To level off the tops of the cakes I used Trick #1: Dental floss. Like cutting clay with a piece of string. Except cake. With floss. Worked like a charm. Then I employed Trick #2: Brush each layer with liquid (in this case, some of the juice drained from the fruit) to make the cake nice and moist. I think I learned that one from an episode of Throwdown with Bobby Flay. Mostly, I was excited to use my pastry brush.
Half-way through assembly:
When all the layers were in place, it was clear the layers were far from even, and that the bottom two were slightly smaller in circumference. Oh well. That's why you cover the whole thing in frosting, right?
The cake is currently sitting in the fridge, fully frosted, awaiting our the arrival of our dinner guests and the moment of truth.

The transfer from pizza pan to cake stand went more smoothly than anticipated. Here's the finished product, along with my friends Tom & Lisa, who enjoyed the cake very much. We all did.

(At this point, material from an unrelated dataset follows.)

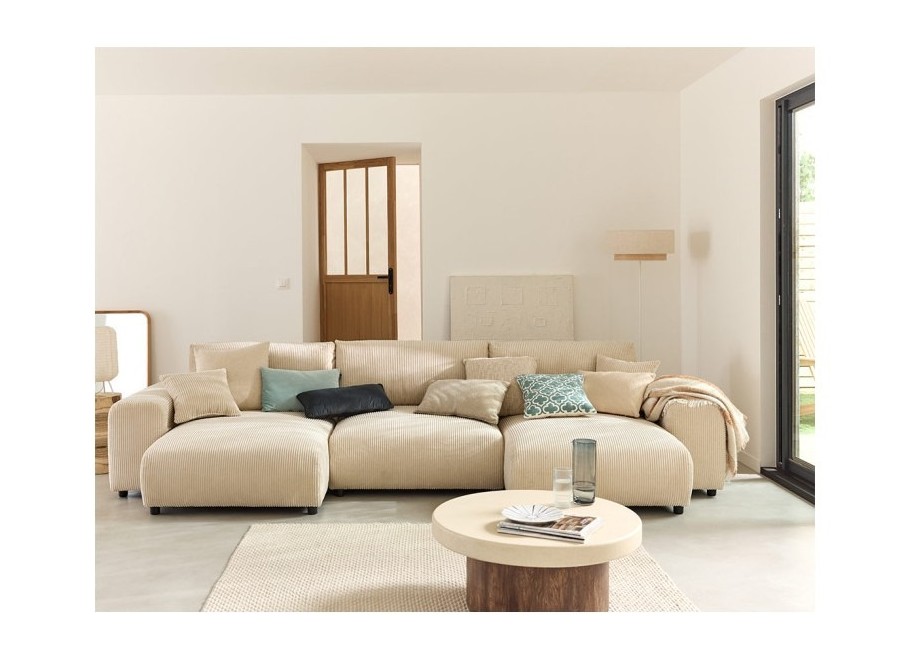 Duży narożnik U nowoczesny Candi beżowy sztruksowy z poduszkami - Lincoln 03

However, even after serving cake to 5 people, and sending a sizable portion home with them, we still have half a cake in our fridge! And so there will be dessert tonight when we get home from our date...and perhaps breakfast tomorrow morning before we leave for Michigan. Because as Travis pointed out this morning as we ate cereal instead of cake..."but there's fruit in there, and some eggs...those are breakfast foods, right?"

And finally, because cake + cake stand was too tall to fit in the fridge, the cake went back on the pizza pan and the stand back to its regular duty in my bedroom.